ACTIVITY> Skip the pictures. Retype exactly, and only, the lines between the line holding "Home Idea Italia" and the last line below, inclusive.
+--
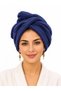 Midnight Blue Welsoft Soft Buttoned Hair Cap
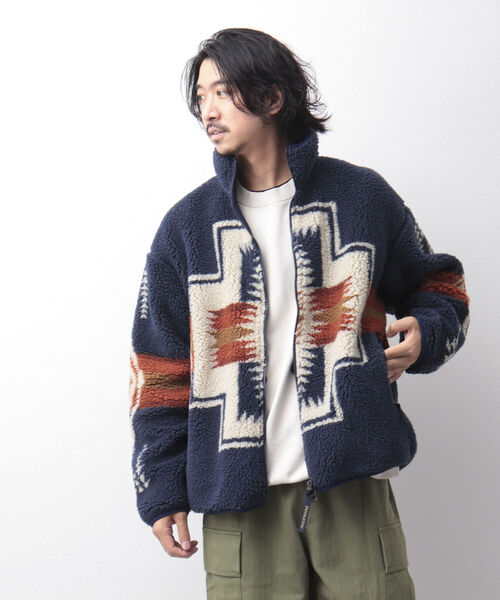 PENDLETON（ペンドルトン） ブルゾン L ブラック メンズ : ZOZOTOWN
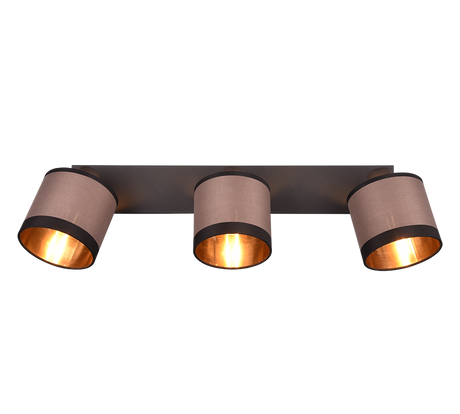 Foco Trio Davos LED negro mate 2700K Ø16,5cm R81553041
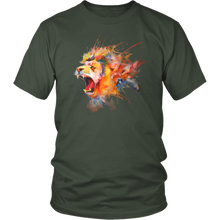 Roaring Lion [watercolor design] - District Unisex Shirt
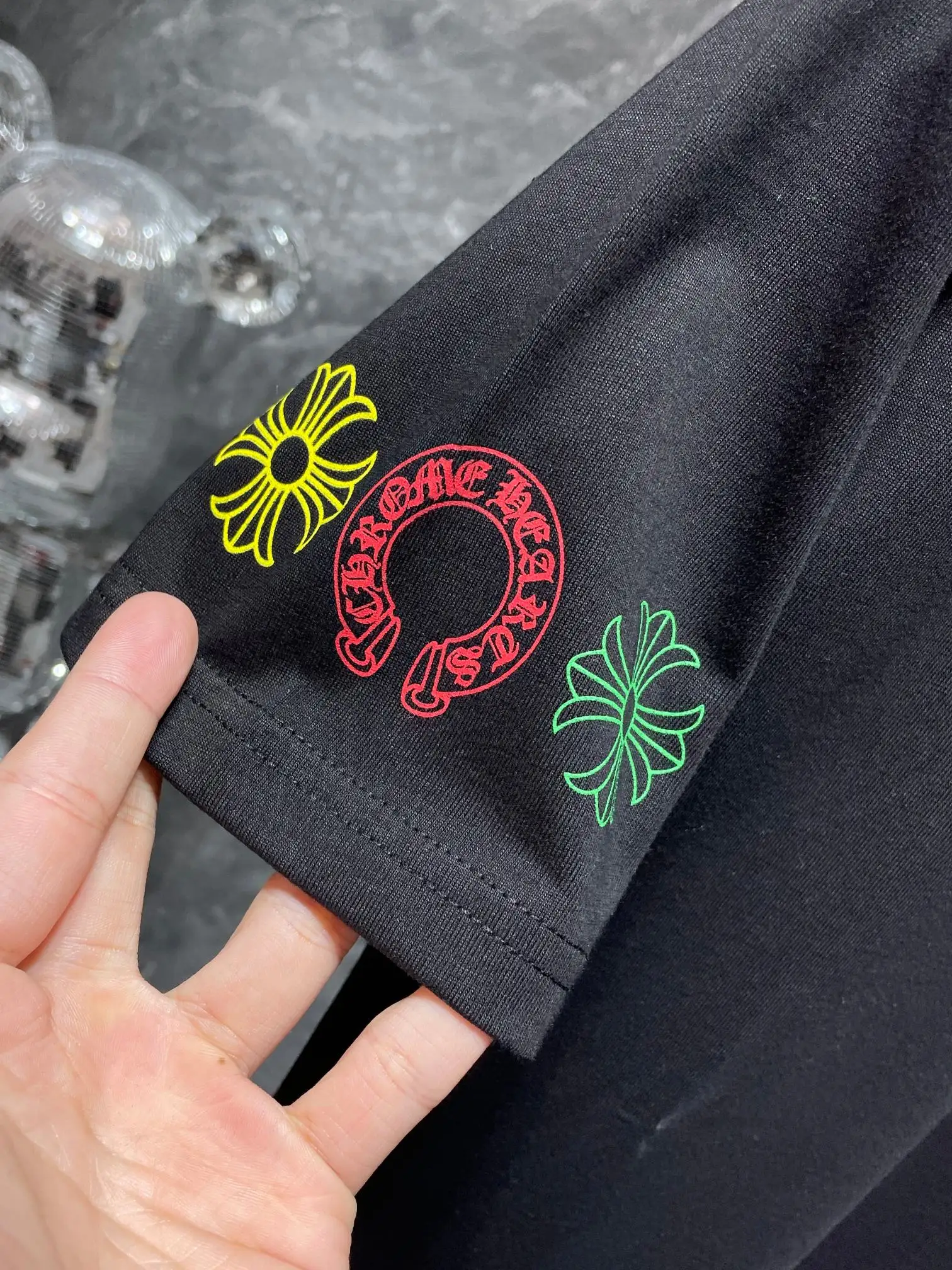 Chrome Hearts Multi-Color Cross Pocket T-Shirt D10512040 — view 7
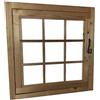 Home Idea Italia Home Idea Finestra in legno per casetta mis 81 x 81 cm con apertura laterale, Senza Plexiglass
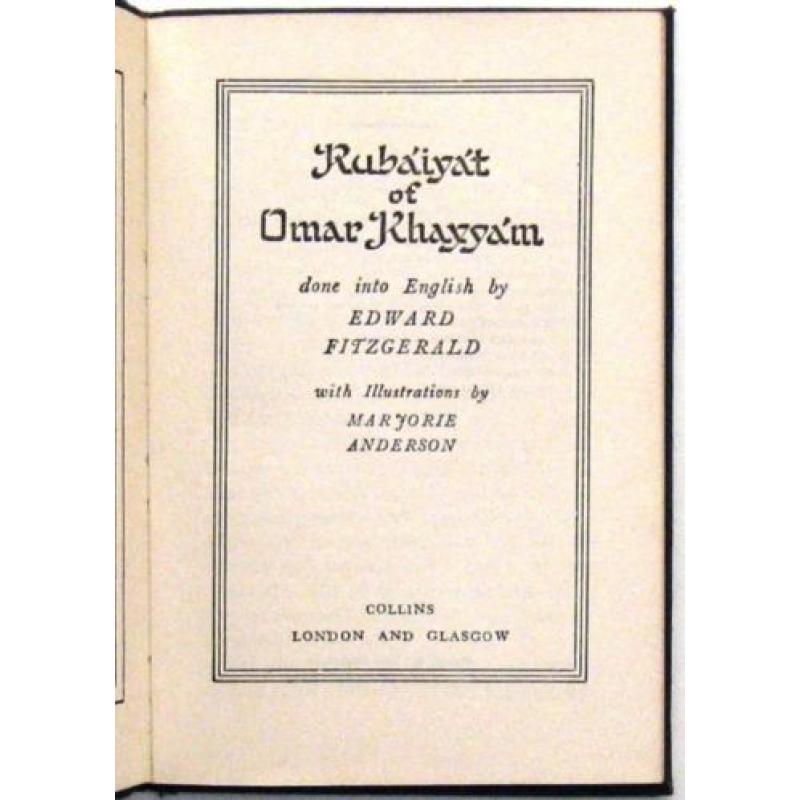 Rubaiyat (n.d.) Omar Khayyam - Marjorie Anderson (ill)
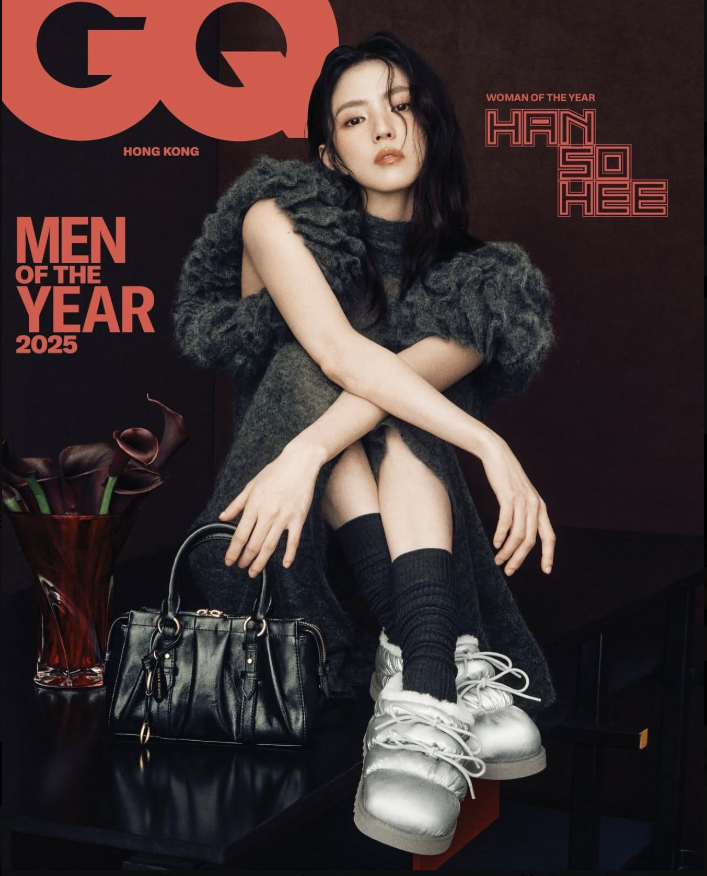 luminousriverPH's tweet photo. #HanSoHee and #SongKang are gracing the latest covers of GQ HK and Esquire KR, showcasing their stunning visuals 💜💚 https://t.co/i9o3M7GTI9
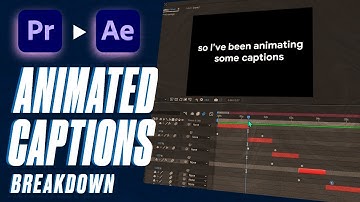 How I make Captions in After Effects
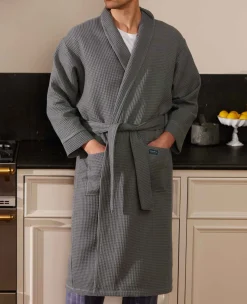 Charcoal Waffle Dressing Gown
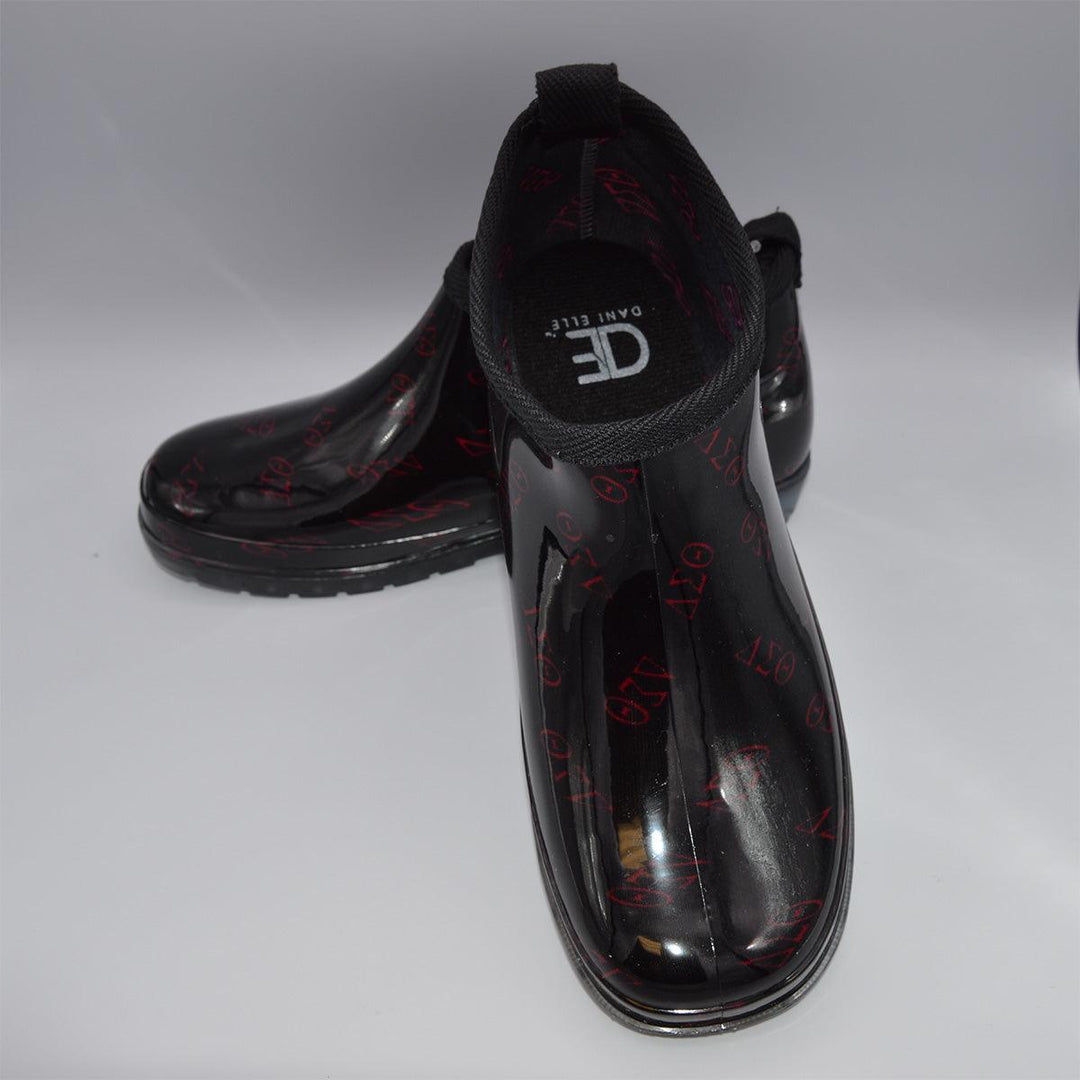 Delta Sigma Theta Rain Boots offered exclusively at Simply Greek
+--
TASK RESPONSE>
 Home Idea Italia Home Idea Finestra in legno per casetta mis 81 x 81 cm con apertura laterale, Senza Plexiglass
 Rubaiyat (n.d.) Omar Khayyam - Marjorie Anderson (ill)
 luminousriverPH's tweet photo. #HanSoHee and #SongKang are gracing the latest covers of GQ HK and Esquire KR, showcasing their stunning visuals 💜💚 https://t.co/i9o3M7GTI9
 How I make Captions in After Effects
 Charcoal Waffle Dressing Gown
 Delta Sigma Theta Rain Boots offered exclusively at Simply Greek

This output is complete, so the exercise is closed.